Nuove sfide e rischi per l’inflazione

Lo sconvolgimento del commercio globale potrebbe rivelarsi costoso per altri. Nonostante l’investimento in un nuovo impianto per la produzione di chip, la Germania si sta comunque avviando verso un percorso di deindustrializzazione, tra l’incertezza sulla sicurezza energetica, la carenza di manodopera interna e gli interessanti sussidi statunitensi. Mentre i crediti d’imposta e altri sussidi attraggono il settore manifatturiero negli Stati Uniti, economie come il Regno Unito rischiano di diventare più dipendenti dalle importazioni e quindi più sensibili a catene di approvvigionamento sempre più complesse.

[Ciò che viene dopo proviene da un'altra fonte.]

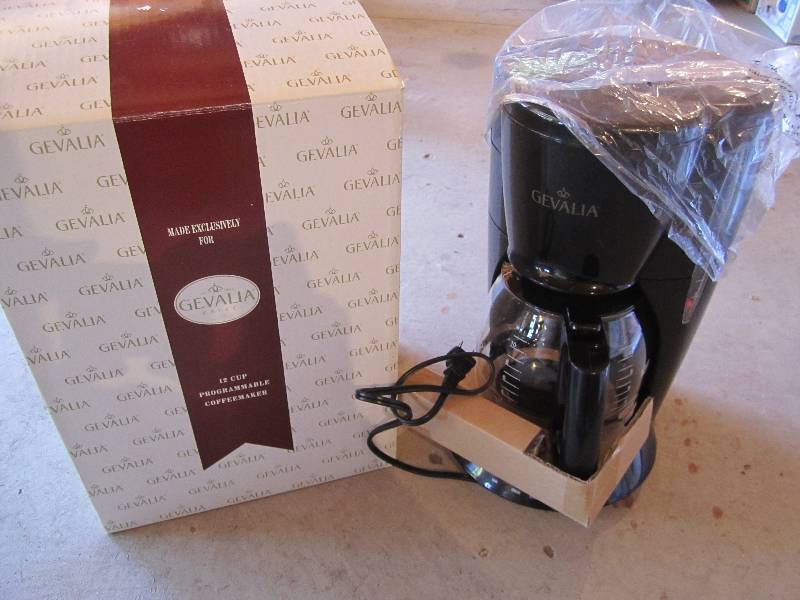 lot 66 image: Gevalia 12 cup programmable coffee ...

Con i sussidi che si rivelano una considerazione importante per i produttori globali, alcune aziende stanno ripensando alla localizzazione delle loro fabbriche, privilegiando gli Stati Uniti e l’Europa rispetto a Paesi con minori disponibilità di denaro da offrire come incentivo. La sfida per le economie più piccole in questo contesto sarà quella di creare nuove alleanze commerciali e di catturare la crescita con la reindustrializzazione dei partner. Per i mercati emergenti, i vincoli commerciali possono portare a una riallocazione del capitale e a una minore crescita se le catene di approvvigionamento vengono dirottate verso blocchi geopolitici speculari. Un Paese come il Messico potrebbe trarre vantaggio dal “friend-shoring”, data la sua vicinanza agli Stati Uniti e la sua posizione attuale nelle catene di fornitura globali. Investire nei mercati sviluppati ed emergenti richiederà un’analisi che ponga maggiore enfasi sui fattori geopolitici, sui modelli commerciali regionali e sui flussi di capitale.

La regionalizzazione delle catene di approvvigionamento e il ritorno della politica industriale presentano anche nuovi rischi per l’inflazione. La globalizzazione ha portato con sé un lungo periodo di inflazione moderata. Dopo l’inizio della pandemia, la combinazione di interruzioni della catena di approvvigionamento e di stimoli governativi ha contribuito a creare pressioni sui prezzi che hanno portato l’inflazione a livelli che non si vedevano dagli anni Ottanta. Con la reindustrializzazione in atto, le prospettive di un aumento dell’inflazione nei prossimi anni sembrano rafforzarsi. L’Indonesia, il più grande produttore di nichel al mondo, ha ventilato la possibilità di creare un gruppo simile all’OPEC per coordinare le esportazioni del minerale, un componente chiave per le batterie dei veicoli elettrici e altri dispositivi elettronici.

Politiche di questo tipo possono potenzialmente mantenere alti i prezzi e aumentare l’incertezza nelle catene di approvvigionamento globali. Per le economie in via di sviluppo dell’Asia-Pacifico, le preoccupazioni inflazionistiche e gli alti tassi di interesse all’estero probabilmente limiteranno la politica monetaria e manterranno alti i costi di finanziamento. La capacità dei governi di fornire sostegno fiscale o di rispondere a sviluppi economici inattesi potrebbe quindi essere limitata. Nel frattempo, l’aumento del debito aumenta il rischio di sofferenza e minaccia di trascinare gli investimenti privati.